In Papua New Guinea, today as in the past, most people make their journeys by foot or, if they are in an area of rivers and waterways, by canoe. These simple facts can sometimes be forgotten by those developmentalists and transport planners who seem only to be able to think about capital-intensive projects such as airports and highways when they agonise about the lack of ‘infrastructure’ in the country.
A transport infrastructure does exist in the country. It is an infrastructure of walking tracks and waterways. These tracks go from house to house, from a house to its vegetable garden or plantation, from one cluster of houses to another, and from village to village. Walking tracks connect villages with market places and larger towns. In the towns, walking tracks cut through the back ways to make shorter, more convenient journeys out of longer ones. Out in the country, long-distance trails, leading over mountain ranges between mighty rivers, provided the walking and waterway routes for traders carrying goods between the inland areas and the coast.
Many of the tracks are in daily use. Men, women and children pass sure-footed over the soft or rugged ground. The gradients can be steep. People go to church along these walking tracks. Children go to school. Women are the main load carriers. Always with a bilum, they bring firewood down from the forests, taking produce to and from the gardens. Physical anthropologists have said that women’s skulls can sometimes be distinguished from men’s by a groove at the front, the result of carrying heavy loads. Easing this load could be a main aim of transport planners.
Motor transport and motor roads are not necessarily the best solution.The statistics on car ownership and per capita income suggest that planners should start to think in a different way about road transport – and, indeed, about air transport – in Papua New Guinea. For the foreseeable future, travel in motor vehicles and flights on planes will be only an occasional experience for many of the citizens of this country.
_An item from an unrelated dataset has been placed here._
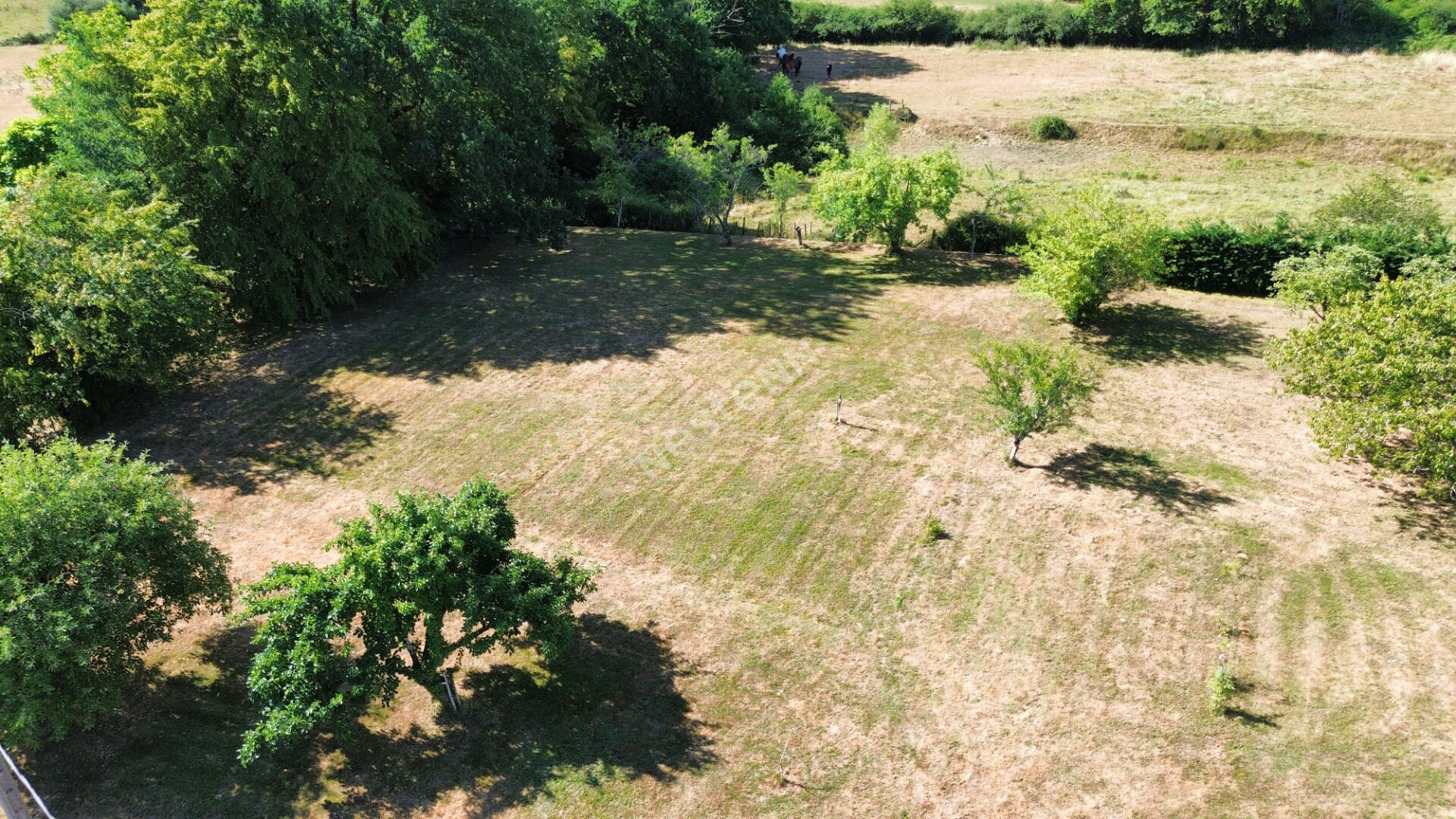 Terrain Sornay · à Louhans · 30 000 €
When a road is cut through an area, sometimes on the route of an old walking track, it is engineered for vehicles, not walkers. While the hard surface, unlike tracks, may remain dry after rain, the experience of walking on roads is often more tedious. In fact, anyone walking for any distance on main roads feels alienated and ill at ease, only too aware that they are not riding in a car or truck. Roads can also be dangerous places, full of strangers. The walker may sometimes wish for the clock to be put back.At the same time, the people have transport needs. Their daily journeys pass over streams that need bridges and along tracks that could be improved. Rivers and lakes could benefit from permanent jetties, as well as ferries and taxi canoes. In the islands, more boats would make sense. On flat land, bicycles are an inexpensive form of transport that could be encouraged.
When a new road is the appropriate solution, smaller roads are more desirable as well as cheaper and a network of small roads more desirable still. Highways leading straight to urban centres tend to drain all the young people out of an area as fast as they drain the treasury’s coffers. Networks of local roads would strengthen community links. That would be a truly useful infrastructure.